Workers will have to pay legal fees if they want to sue their employer for unfair dismissal, George Osborne has announced.
Speaking at the Conservative Party conference in Manchester on Monday afternoon, the chancellor said employees would only get the money back if they won their case.
Under the proposals workers would also only be allowed to claim unfair dismissal once they had been in a job for two years - an increase on the current 12 months.
"We respect the right of those who have spent their whole lives building a small business not to see that achievement destroyed by a vexatious appeal to an employment tribunal," he said.
"So we’re now going to make it much less risky for businesses to hire people."
He added: "I can tell you today we are going to introduce for the first time ever a fee for taking a case to a tribunal that litigants only get back if they win...we’re ending the one-way bet against small business."
Following Osborne's speech Lib Dem business secretary Vince Cable said that unfair dismissal rules were a major barrier to firms taking on more people.
“The priority of this government is to increase growth in our economy. We have one of the most flexible labour markets in the world but there is more we can do to give British business the confidence it needs to create more jobs and support the wider economy to grow," he said.
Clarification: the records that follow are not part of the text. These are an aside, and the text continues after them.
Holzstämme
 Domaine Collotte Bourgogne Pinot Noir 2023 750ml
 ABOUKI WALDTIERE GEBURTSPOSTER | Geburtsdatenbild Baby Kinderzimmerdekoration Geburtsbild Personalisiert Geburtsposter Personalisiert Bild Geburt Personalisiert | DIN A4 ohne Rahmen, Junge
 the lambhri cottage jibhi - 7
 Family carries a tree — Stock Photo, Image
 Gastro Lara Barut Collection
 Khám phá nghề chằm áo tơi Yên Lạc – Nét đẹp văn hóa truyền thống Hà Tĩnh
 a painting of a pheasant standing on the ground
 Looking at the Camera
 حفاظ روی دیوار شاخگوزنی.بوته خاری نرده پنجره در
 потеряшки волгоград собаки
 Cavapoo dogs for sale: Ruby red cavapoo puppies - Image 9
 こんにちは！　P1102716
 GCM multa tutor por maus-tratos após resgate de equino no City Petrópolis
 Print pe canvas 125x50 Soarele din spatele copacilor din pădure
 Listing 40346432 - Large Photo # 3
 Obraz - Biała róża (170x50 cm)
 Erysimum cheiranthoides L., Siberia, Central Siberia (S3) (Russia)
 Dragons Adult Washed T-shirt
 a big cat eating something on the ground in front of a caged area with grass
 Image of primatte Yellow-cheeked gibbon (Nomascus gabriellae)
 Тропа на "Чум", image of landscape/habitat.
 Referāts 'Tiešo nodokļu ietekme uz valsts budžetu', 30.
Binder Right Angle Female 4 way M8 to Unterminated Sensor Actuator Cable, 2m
And Phil McCabe, from the Forum for Private Business, said that while employment rights had to be protected, small business were being hurt by unfair claims against them.
"We know from our members that they are extremely frustrated in their recruitment plans and are effected by even just a few instances of vexatious claimants," he said.
"Something had to be done to control that and this is one step in order to do that."
But Len McCluskey, Unite general secretary, said the change to employment law showed the government had "no care or concern" for the lives of working people.
"How will attacking workers' ability to secure justice create one single job? All it will do is create a hire and fire culture where bad employers cannot be challenged," hesaid.
"When will this government understand that there is not a culture of ‘vexatious’ claims? Proper checks and balances are in place to root out those cases. The vast majority of workers pursuing unfair dismissal are found to have valid claims."